Hi, I am coming from a background in R and am wondering how SAS handles arrays. I have a dataset with more than two columns and want to write a loop that allows me to compare the values of an entire column to the those of another column. For example,

 

Column 1          Column 2

1                       12

2                       13

3                       14 

4                       15

 

I want to compare 12 to 1, 13 to 2, 14 to 3, 15 to 4, etc. Is this possible to do in SAS 9.4? Thank you so much.

Super User
Posts: 17,750

Re: Looping through Columns of Dataset

SAS processes each data set line by line. You need to not think of it as an array/matrix unless you're in IML.

 

It's a dataset and each line is going to be processed one at a time.

 

What type of comparison do you want? If you want the difference it would be something as follows:

 

data want;
set have;

diff = col1 - col2;

run;

 

Occasional Contributor
Posts: 9

Re: Looping through Columns of Dataset

Hi Reeza,

 

Thank you for the reply. So, currently, I've written a do-statement and want to iterate through the elements of the array, comparing the values of, say, the second element in the array, to the first and assign a new variable something if that condition is satisfied. So, for example,

 

Column 1    Column 2

1                  12

2                  13

3                  14

4                  15

 

 

If the first entry of column 2 (12) is equal to the first entry of column 1 (1), then test_var = something. Then, skip to the next entry of column 2 and compare it to the next entry of column 1, etc. 

 

Thanks again! I hope what I'm asking is clear.

This is my code (it's wrong):

data work.test2;
	set work.test;
	array areverse {9} x1 x2 x3 x4 x5 x6 x7 x8 x9;
	if (areverse[1] = 0) then test_var = 1;
	do i=1 to 8;
		if (areverse[1] > 0 and areverse[i+1] = 0) then test_var = i+1;
	end;
run;
Super User
Posts: 17,750

Re: Looping through Columns of Dataset

Your logic doesn't make sense in terms of SAS. Rather than code can you provide logic in sample expected output.

 

Arrays in SAS are short cuts to reference a variable value in a specific row. Like I mentioned, you can not use the concepts of an array and matrix the way you're used to in R in SAS. Think of it as a row wise process. 

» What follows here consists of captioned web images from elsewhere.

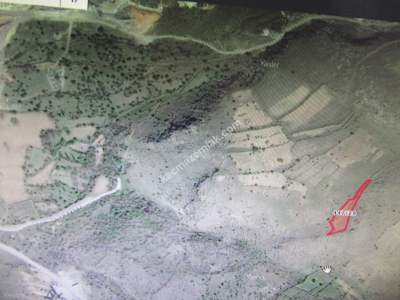 Kayseri Develi Güneyaşağı Satlık Bağ 4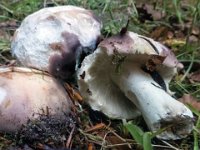 Russula cyanoxantha - Broget skørhat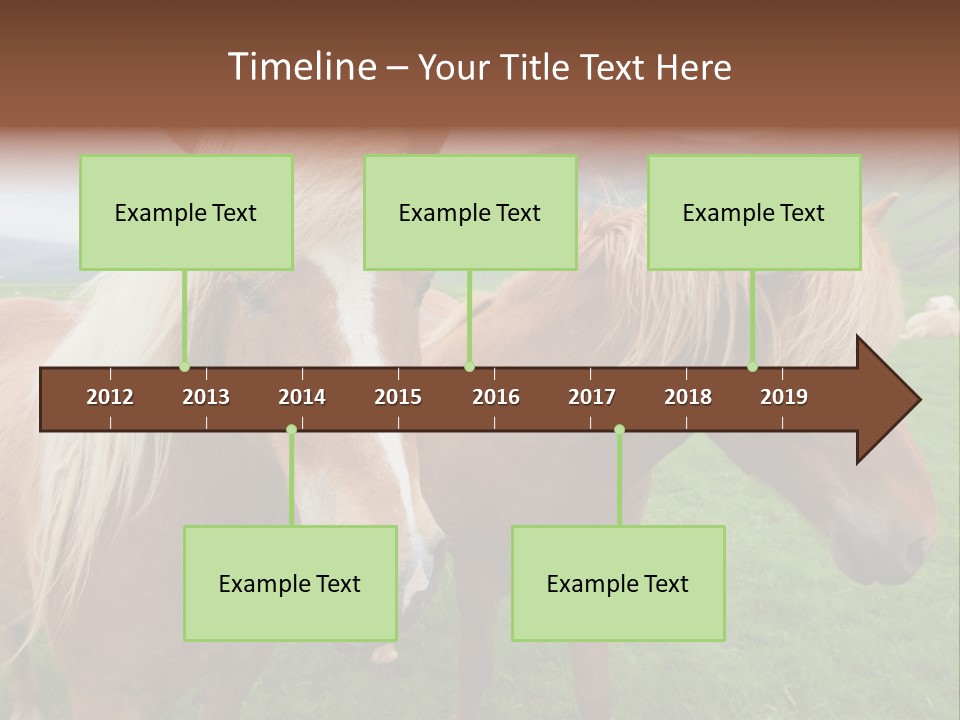 Coat Chestnut Breeding PowerPoint Template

You look at the first row of data and do something. Then you move to the next row and so forth. To reference a variable in a data step means to reference it in each row.

 

Here's an example you can run.

data sample;
set sashelp.class;

age2 = age*2;

run;

Proc print data=sample;
var age age2;
run;


SAS has a free intro course for R programmers if you're interested.

 

Occasional Contributor
Posts: 9

Re: Looping through Columns of Dataset

[ Edited ]

Thank you for clarifying that for me. It's hard to switch from R to SAS, haha!

Essentially, I have 9 elements of an array. I want to first check if the first element ("variable") of the array is equal 0; if it is, then test_var will get the value 1.

Then, I wish to iterate through the other elements of the array ("variables") and check whether the values of each variable is equal to 0. If the condition is met, the test_var gets assigned the number corresponding to the variable's index in the array; otherwise it should be missing. test_var also does not change after each iteration (if the condition has already been met). If test_var = 2, it will stay that way. test_var will basically be missing until the "variable" satisfies the condition.

x2 test_var
1 .
2 .
0 2
1 .
2 .

x3 test_var
1 .
0 3
2 2
1 .
2 .

Repeat for x4, x5, etc.

Super User
Posts: 17,750

Re: Looping through Columns of Dataset

Try phrasing your question without using the word array. At all. 

 

Also, look at the WHICHN function. 

 

test_var = whichn(0, of x1-xn);

 

 

Occasional Contributor
Posts: 9

Re: Looping through Columns of Dataset

[ Edited ]

Okay, another attempt (my apologies, I'm just trying to find a way to do this in SAS--need to do this for future projects, as the company only uses SAS :-P)

 

Total of 9 columns: x1 to x9.

 

Search through all the values of x1, row by row. If the value in row 9 is 0, then test_var in row 9 will be 0 and missing on the previous 8.

 

Then, search through all the values of x2, x3, etc., row by row, conditioned on the fact that the corresponding row of x1 is NOT 0 AND the value of x2, x3, etc. is 0. Same idea as above, basically.

 

 

I think you alluded that you can do this in SAS IML? I have access to that, too. Thanks!

 

Super User
Posts: 10,466

Re: Looping through Columns of Dataset

How about providing some actual input data and the desired output?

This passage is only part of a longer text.